» **Work task**:
In the data below, repeat the line containing "Used 2024 Volkswagen Taos SE image 25" and every following line exactly, up to and including the last line. Exclude pictures.

» **Crawled caption data**:
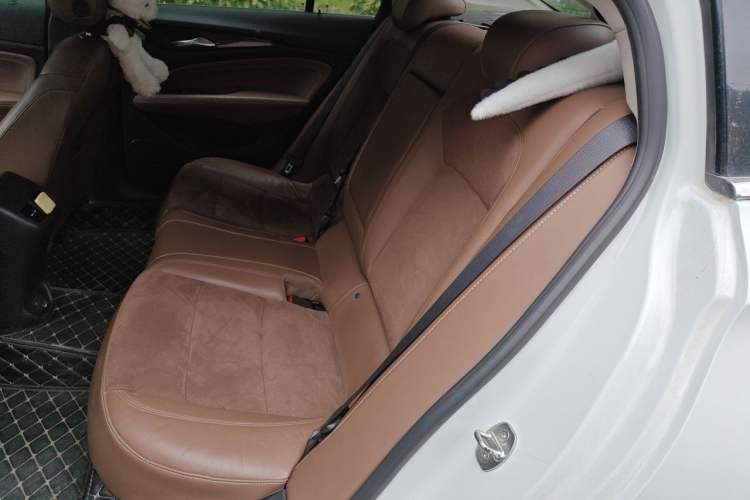 Used Buick Regal 2017 28T Luxury Edition Left Rear Seat
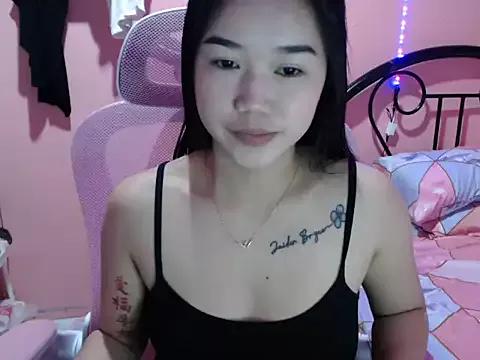 sexymae from StripChat is Freechat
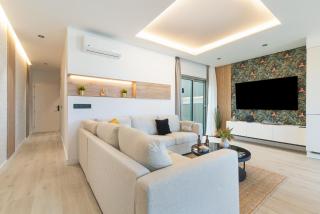 Home2Book Stylish Beachfront Escape - 4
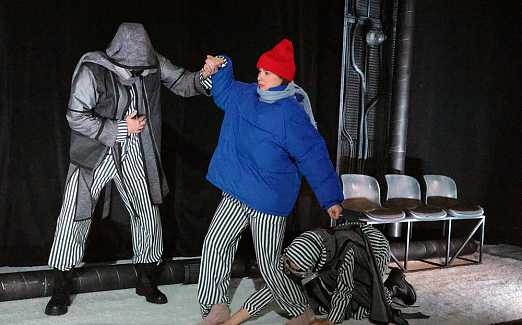 ЛЁД РАСТАЕТ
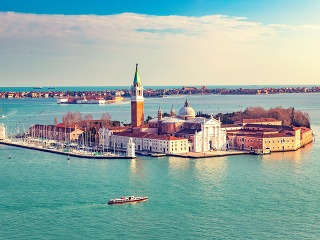 Pamiatky v obklopení vody:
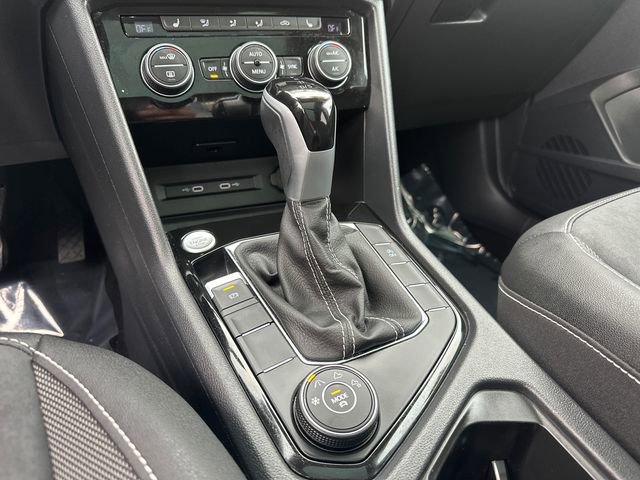 Used 2024 Volkswagen Taos SE image 25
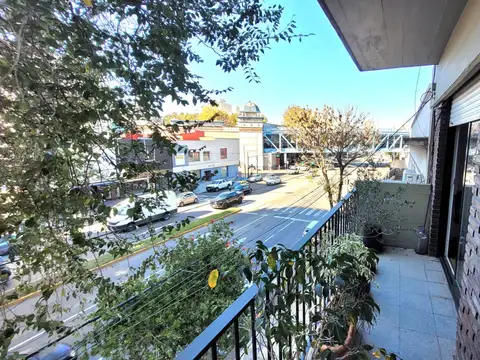 EXCELENTE UBICACIÓN "Av. Maipu 2322", DEPARTAMENTO 4 AMBIENTES CON PATIO y BALCÓN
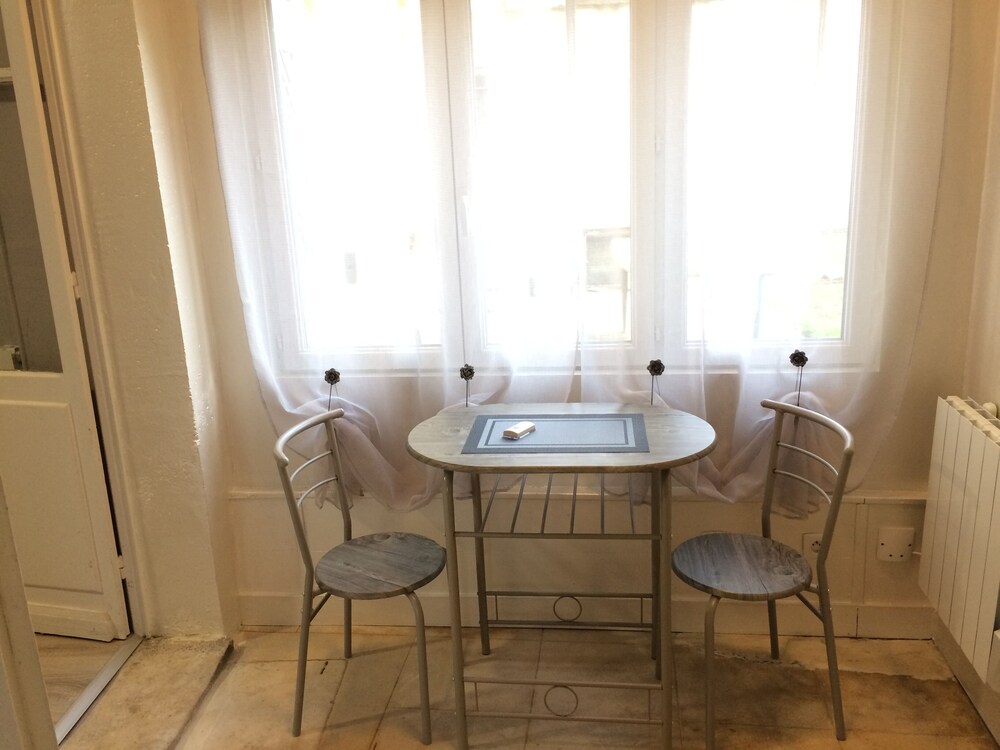 Studio Proche Gare Avec Kitchenette Et Wifi Porte Rouge — hotel in Thiviers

» **Problem solution**:
 Used 2024 Volkswagen Taos SE image 25
 EXCELENTE UBICACIÓN "Av. Maipu 2322", DEPARTAMENTO 4 AMBIENTES CON PATIO y BALCÓN
 Studio Proche Gare Avec Kitchenette Et Wifi Porte Rouge — hotel in Thiviers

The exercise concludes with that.